We love Berlin for many reasons. But the main reason is the Berlin theatre. We go to the theatre a lot and saw many plays in our home country the Netherlands. But compared to Berlin theatre, Dutch theatre is quite boring. If Dutch actors fight on stage, they try not to hurt each other. Berlin actors slap each other in the face like they mean it. Who cares about a bit of blood and bruises? It is Berlin theatre in a nutshell. The audience needs to really believe the stories on stage.
Our favourite is the Volksbuhne. The Volksbuhne makes really interesting and modern adaptations of old novels and plays. The best play we saw over here, was a raw adaptation of the novel Berlin Alexanderplatz. The main character, Franz Biberkopf just got out of prison and tries very hard not to be a criminal again. But modern life in Berlin is hard. Franz tries desperately to make a living by selling clip ties to the unwilling audience and by grilling sausages on stage. The Volksbuhne vividly shows how hard Berlin life can be for a homeless bum like Franz Biberkopf.
The Volksbuhne is one of Berlin’s most controversial theatres. We have visited this theatre lots of times. From the outside it looks a bit industrial. The building is a big block of concrete with kitschy wooden decor inside. The inside is a bit tacky, but the plays never bored us.
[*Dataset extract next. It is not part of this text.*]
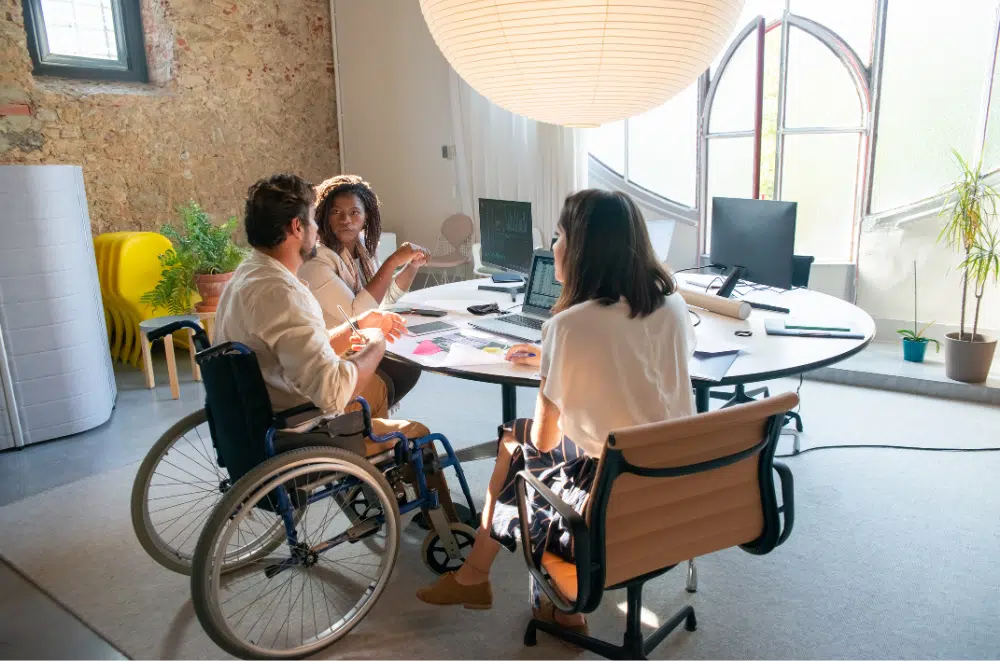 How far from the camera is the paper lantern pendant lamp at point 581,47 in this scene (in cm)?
179

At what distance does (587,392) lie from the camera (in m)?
1.61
It is impossible to visit the Volksbuhne and not be amazed. In a good or bad way, depending on what you expect to find in a theatre. If you prefer romantic plays with actors reciting Shakespeare, you better stay out of the Volksbuhne. Or you might end up walking away in anger or disgust during a controversial play, like we saw a lot of people doing. Director Frank Castorf does not want to please that kind of audience.
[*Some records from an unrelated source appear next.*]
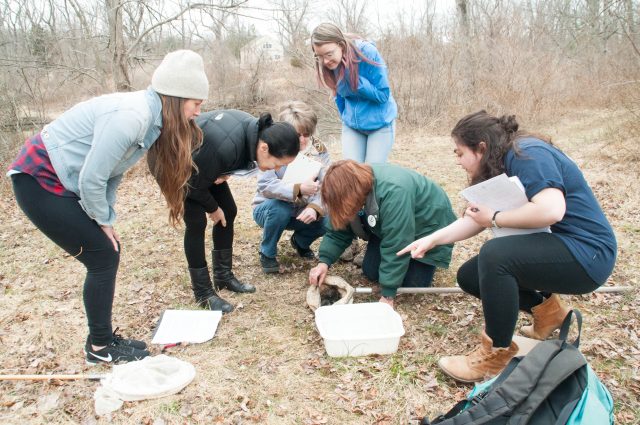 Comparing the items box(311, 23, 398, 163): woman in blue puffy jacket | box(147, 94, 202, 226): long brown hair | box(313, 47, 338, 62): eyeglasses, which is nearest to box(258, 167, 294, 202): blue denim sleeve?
box(311, 23, 398, 163): woman in blue puffy jacket

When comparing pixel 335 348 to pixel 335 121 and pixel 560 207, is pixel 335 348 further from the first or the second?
pixel 335 121

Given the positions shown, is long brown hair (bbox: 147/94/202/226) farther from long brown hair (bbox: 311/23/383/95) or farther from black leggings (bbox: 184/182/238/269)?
long brown hair (bbox: 311/23/383/95)

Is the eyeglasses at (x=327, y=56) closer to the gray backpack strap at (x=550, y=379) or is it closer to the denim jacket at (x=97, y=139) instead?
the denim jacket at (x=97, y=139)

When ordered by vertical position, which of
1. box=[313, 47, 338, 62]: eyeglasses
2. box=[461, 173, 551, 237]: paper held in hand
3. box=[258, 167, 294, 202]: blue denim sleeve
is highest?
box=[313, 47, 338, 62]: eyeglasses

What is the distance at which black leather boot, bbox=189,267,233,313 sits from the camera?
3.11 m

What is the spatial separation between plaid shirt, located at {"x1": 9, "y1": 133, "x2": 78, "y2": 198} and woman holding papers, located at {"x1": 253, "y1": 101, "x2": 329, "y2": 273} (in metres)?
1.54

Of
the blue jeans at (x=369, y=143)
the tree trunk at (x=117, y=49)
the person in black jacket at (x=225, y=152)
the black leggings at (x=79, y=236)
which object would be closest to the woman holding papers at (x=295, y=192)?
the blue jeans at (x=369, y=143)

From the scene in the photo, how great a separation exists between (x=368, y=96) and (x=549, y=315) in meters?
1.98

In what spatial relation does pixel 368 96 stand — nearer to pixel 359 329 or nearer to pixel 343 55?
pixel 343 55

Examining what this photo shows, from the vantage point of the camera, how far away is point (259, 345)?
9.19 feet

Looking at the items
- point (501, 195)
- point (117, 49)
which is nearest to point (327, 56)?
point (501, 195)

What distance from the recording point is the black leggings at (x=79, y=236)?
2.12 m

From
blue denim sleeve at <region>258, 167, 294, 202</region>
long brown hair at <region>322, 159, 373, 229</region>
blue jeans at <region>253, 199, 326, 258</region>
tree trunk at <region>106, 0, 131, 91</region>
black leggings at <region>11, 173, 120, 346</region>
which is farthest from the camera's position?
tree trunk at <region>106, 0, 131, 91</region>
What Frank Castorf does want is plays with a bleeding heart and a hurt soul. Not only on stage, but in the audience as well. His plays matter, you can not watch them without emotions. And that is what we like about the Volksbuhne so much.
Other Berlin theatre:
The Schaubuhne makes ancient stories bright new. They make Shakespeare spectacularly modern with glossy kings and queens with sunglasses and bling bling. But don’t expect sugar sweet stories. The actors of the Schaubuhne are not afraid to play dirty, swear a lot and dive in the mud. You won’t see actors reciting Shakespeares, but rage, madness, blood and lots of dirt.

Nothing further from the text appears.